After the founding of the People's Republic of China in 1949, China's diplomatic relations opened a new page.

 

During the first upsurge in the establishment of diplomatic relations in the early 1950s, New China established diplomatic ties with the USSR, the East European socialist states and some neighboring Asian nationalist countries. After the conclusion of the 1955 Asian-African conference, China has persistently supported the Arab peoples in their fight against imperialism, strongly supported the African countries and peoples in their struggle against colonialism and racialism and firmly supported the struggles of the Latin American people to resist the US. Until 1956, there were 25 countries having diplomatic ties with China.

 

From the latter half of the 50s to the end of the 60s, China established diplomatic ties with many more countries, forming a second upsurge in the establishment of diplomatic relations. At the end of 1969 there were 50 countries that have diplomatic relations with China, doubled the figure at the end of 1955, when there were only 23 countries that had diplomatic relations with China. All the newly added countries except France were in Asia, Africa and Latin America, and a further breakdown showed that all were Arab and African countries except Ceylon, Cambodia, Laos and Cuba.

 

One of the most important turning points for New China's diplomacy emerged in October, 1971. With support from most developing countries, the United Nations passed with an overwhelming majority of votes a resolution on restoring China's lawful seat in the UN. China's international status was vastly enhanced. During this period, Chairman Mao Zedong and Premier Zhou Enlai made timely and farsighted major decisions in view of changes in the international situation, thus opening new horizons for China's diplomacy and ushering in a third wave of establishing diplomatic relations with other countries.

 

From the latter half of the 70s to the end of the 80s, under the guideline of Deng Xiaoping's diplomatic thought, China developed normal ties with the United States, Japan and Western Europe, improved relations with the former Soviet Union and comprehensively developed ties with countries of the third world. After diplomatic talks with Britain and Portugal, China claimed that the Chinese central government would resume its exercise of sovereignty over Hong Kong on July 1st, 1997.

 

And on December 20, 1999, Macao would also return to the embrace of the motherland.

 

Since the early 1990s, the third-general leadership of the Communist Party of China, with Jiang Zemin at the core, inherited and creatively implemented Deng Xiaoping's thought and the independent foreign policy of peace.

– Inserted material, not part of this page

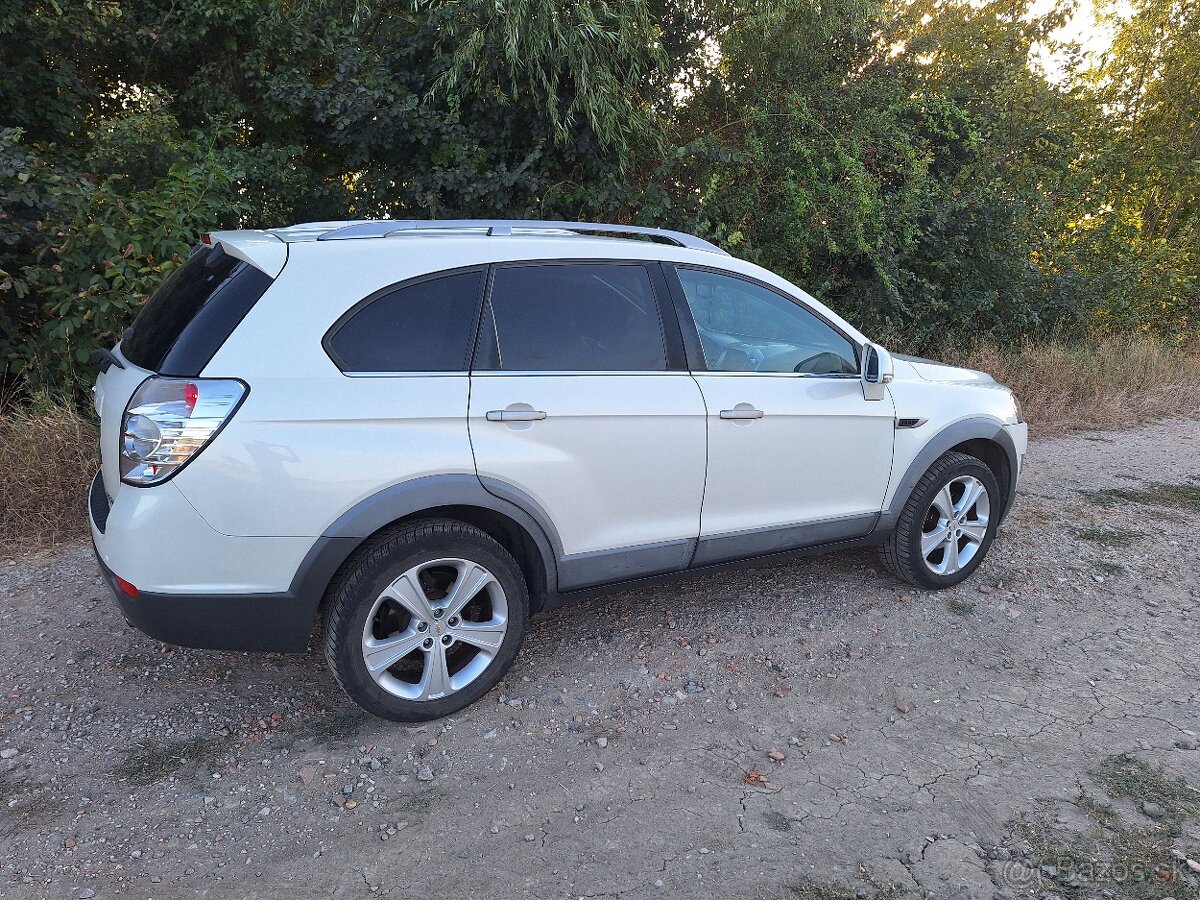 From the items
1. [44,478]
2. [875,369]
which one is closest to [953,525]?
[875,369]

China pursued the development of diplomatic ties with countries on the basis of the Five Principles of Peaceful Co-existence and facilitate the establishment of a new international political and economic order. During this period, China resumed diplomatic ties with Indonesia, established relations with Singapore and South Korea and realized diplomatic normalization with Vietnam and Mongolia.

 

In 1996, President Jiang Zemin visited three south Asian countries, further developing relations with India, Pakistan and Nepal. Moreover, China also attached great importance to fostering diplomatic ties with more developing countries. The number of Latin American countries establishing ties with China increased to 19.

 

The major sign marking the beginning of the new century is the increasing development of multilateralism and economic globalization. China is the developing country with the biggest population in the world. China's development needs the world and vice versa. China sincerely hopes to strengthen cooperation and seek common development with all countries and regions on the basis of the Five Principles of Peaceful Co-Existence.